Answer to the edited question
You have to assume that $\gcd(n,d)=1$ when $n\neq 0$ (and $0\in S$, of course, with $n=0$), otherwise $A=S$. Thus, either $n$ is $0$ or odd. Notice also that $S$ is the set of numbers that have a finite binary representation (they are all rationals with only powers of $2$ in denominator). Any such rational has a unique representation $n 2^p$ with odd $n$, when it's not $0$.
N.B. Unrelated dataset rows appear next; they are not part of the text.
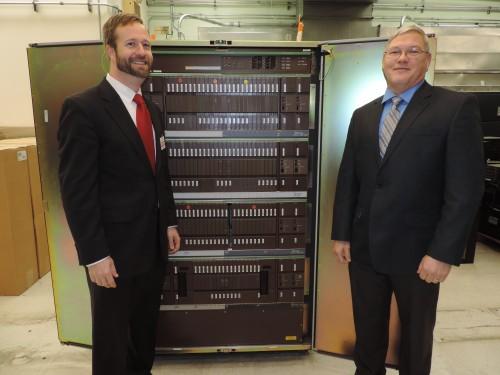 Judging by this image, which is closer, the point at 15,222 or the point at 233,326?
the point at 233,326

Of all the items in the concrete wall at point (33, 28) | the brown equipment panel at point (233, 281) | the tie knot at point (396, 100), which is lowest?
the brown equipment panel at point (233, 281)

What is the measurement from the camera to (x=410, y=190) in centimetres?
127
Then numbers in $A$ are of the form $n 2^{2p}$ with odd $n$, or $0$. And $B$ are numbers of the form $n 2^{2p+1}$, with odd $n$ (and $0\notin B$ since $B=S\backslash A$).
Then $9$ and $7$ are in $A$ (with $d=1$), hence $16\in A'$. But $2\in B$ and of course $14\in S$, so $16\in B'$.
Of course there are many other counterexamples. Are $A'$ and $B'$ equal?
Actually, since $0 \in A$, you have also $A \subset A'$. And since $n 2^{2p}+n2^{2p}=n2^{2p+1}$, you have also $B\subset A'$, thus $A'=S$.
On the other hand, for any number in $x\in S$, you have also $x-2 \in S$, ans since $2 \in B$, that means $x=2+(x-2) \in B'$. Hence $S \subset B'$, and $B'=S$.
So $A'=B'=S$.